HOME may no longer be the dance floor of a Bournemouth nightclub.

But the beat goes on for two tropical catfish and a giant gourami as they settle into more sedate surroundings further along the coast.

After spending ten years in a massive tubular tank at Toko, surrounded by clubbers dancing the night away, the fish have been moved to Brighton Sea Life Centre.

Marine expert Kerry Perkins said: “They were at the club for so long they obviously grew accustomed to the heavy bass and steady beat of dance music.

“They can now look forward to a much quieter life in a 7,000 litre tank, along with other species from the same part of the world, but we thought they should be acclimatised gradually.”

So for an hour each evening, during their two-week spell in quarantine, they will be played a random selection of chart-busters.

Toko manager Matt Nickol said the three were the largest occupants of the club’s fish tanks and would be missed by both staff and patrons.

Their circular fish tank and two others have all had to go as the club undergoes major refurbishment work.

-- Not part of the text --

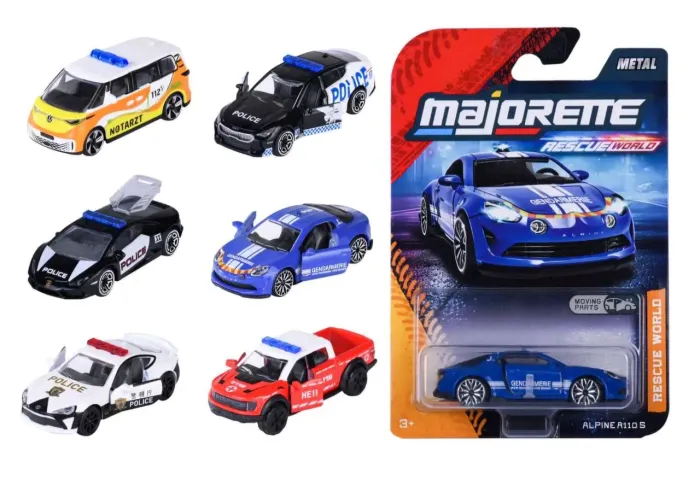 Coleção Completa 6 Carros Rescue World Premium Polícia Majorette 1:64 Metal Novo e Lacrado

Matt added: “We found takers for all the smaller fish with no difficulty but we thought we might struggle with the three big ones. I’m delighted that Brighton Sea Life Centre stepped in and offered them the perfect new home.”

The biggest of the bunch, a red tailed freshwater catfish, could eventually grow to four feet long.

Sea Life boss Max Leviston said: “In one way it’s quite fitting to be accommodating fish from a well known music venue.

“The Sea Life Centre building used to house the famous Florida Rooms; a concert room frequented by the likes of The Who back in the 60s.”